I am confident in stating that we are clearly seeing the foundation for a sustained commercial property recovery. The geographic results may vary, but there seems to be a consistent positive outlook. Nobody is saying they expect prices to skyrocket anytime soon but a fundamental floor is evident.
In a sign of the new times, the Mortgage Bankers Association recently sold its Washington D.C. headquarters to an investor group for $41.3 million. In February 2011, that same investor group sold the building for $101 million. This is just one example and I can add another recent example: one of our own deals that was acquired as a distressed note acquisition. The market stalled for the developer and we were able to complete the project and sell the property with multiple offers. These examples illustrate how, over the past couple of years, commercial real estate values have appreciated as much as 30% in some markets.
At the height of the mortgage meltdown, while economists, Federal officials, lending institutions, and investors held their collective breath waiting for the other shoe to drop - the collapse of the commercial property markets - it never materialized to be the end-all collapse most had forecasted. Due to more stringent underwriting and higher capital levels required for investments, commercial real estate held steady. Today, with the resurgence of securities collateralized by commercial loans, major financial institutions’ actions underscore investor confidence. Analysts project $13 billion in commercial-mortgage-backed securities (“CMBS”) will have been issued in the first quarter of 2011 alone. We are seeing a consistent stream of lenders who pulled out, re-enter the lending arena with large capital commitments for this sector. Commercial real estate is enduring the economic turmoil and remains a sound choice for many investors.
Thawing credit markets are breathing life into small and medium-size business growth which is fueling an increased demand for office space. Although vacancy rates remain historically high in many markets, the trend is clearly going to the side of absorption.

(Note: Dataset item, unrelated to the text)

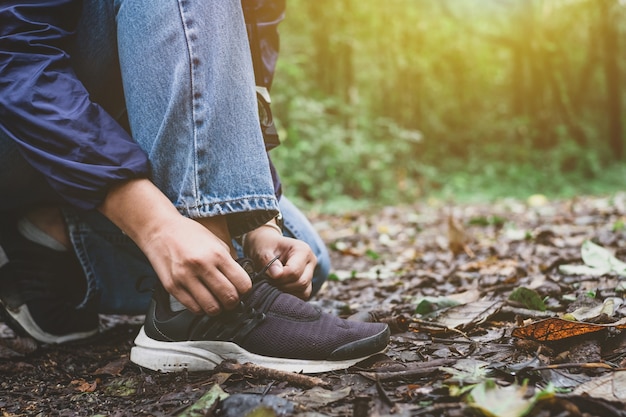 Close-up Asian woman tying shoelace at in rainforest.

This increased demand for office space combined with a decline in new office building construction, has lowered overall vacancy rates, stabilized rents, and generated dependable returns.

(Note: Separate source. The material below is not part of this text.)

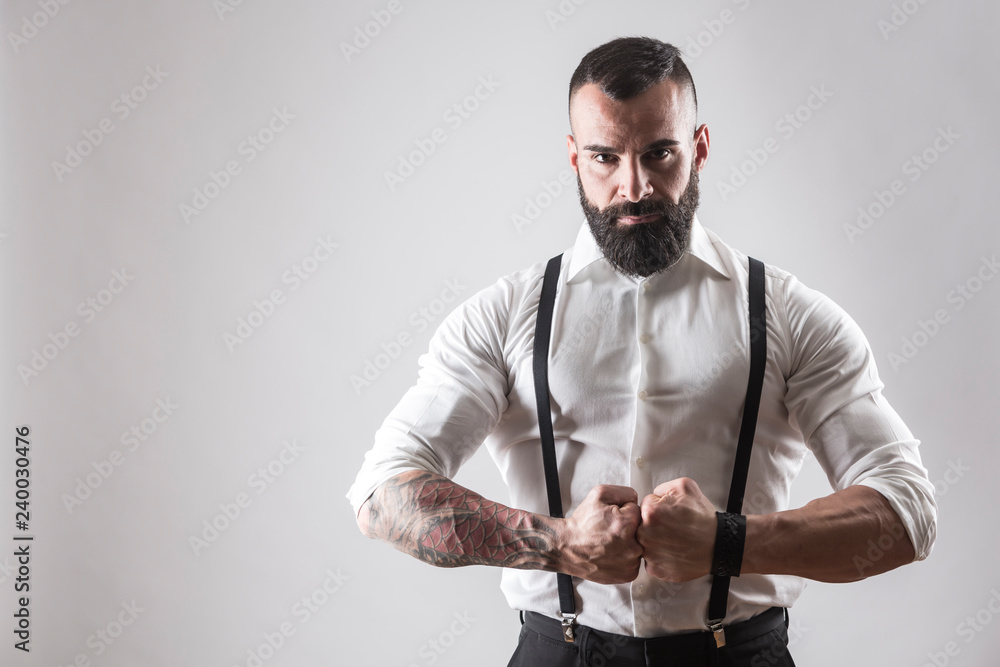 Uomo muscoloso tatuato con camicia bianca e bretelle chiude i pugni deciso  su sfondo bianco Stock Photo | Adobe Stock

Profitability in the multi-family sector is directly related to developments in the single-family housing sector. For the average consumer or first-time homebuyer, stiffer underwriting guidelines, higher loan-to-value requirements, and higher interest rates have made it more difficult to afford a home. Despite favorable “buyers market” conditions, only investors with cash in hand are truly taking advantage of market opportunities. Many Americans, for the first time, are questioning the long-term value of homeownership. Recent surveys indicate that the numbers of Americans who believe homeownership is a safe investment is decreasing annually. Moreover, homeowners displaced as a result of foreclosure or other loss mitigation activities such as short sales and deeds-in-lieu have created a new class of renter. The outcome: vacancy rates for apartment rentals are plummeting and rents are increasing accordingly based on simple supply and demand. Analysts predict a mere 5% rental vacancy rate by 2012 with an increase in rental charges as much as 10% or more in major U.S. markets.
Capitalization rates further underscore the increased value of commercial property. The lower the “cap” rate, the higher the projected rental revenue. In a recent Fannie Mae report, capitalization rates on multi-family properties remained low through 2010 indicating strong returns for the sector. And, as the Federal government seeks to end government involvement in insuring mortgages, current proposals include continued government backing of multi-family loans due to their low default rates. The multi-family sector has been recognized as the first to recover.

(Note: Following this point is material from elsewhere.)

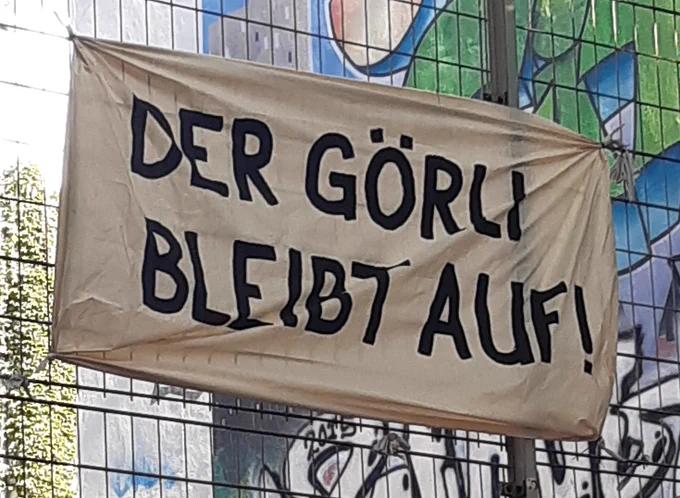 Transparent vor Grafitti-Hintergrund: "Der Görli bleibt auf!"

All the signs point toward the commercial sector as being the one to watch: unlike their single-family counterparts, commercial properties are appreciating in value; markets for commercial-backed securities are returning to favor; the resurgence of small business signals an increased demand for office space; factors stifling a recovery in the housing industry are generating revenue for apartment owners; and the government’s assessment of the stability of commercial mortgages is positive enough to keep it in the game of insuring them.
At the Peak Corporate Network, we believe that in a hindsight scenario, 2010-11 will be viewed as the “turnaround.” We are seeing this firsthand with increasing demand for space and the improving performance of our properties after several years of decline. We are actively seeking to acquire investments and JV opportunities in this market.
The handwriting on the wall is clear - commercial real estate, for the savvy and patient investor, continues to be the smart investment.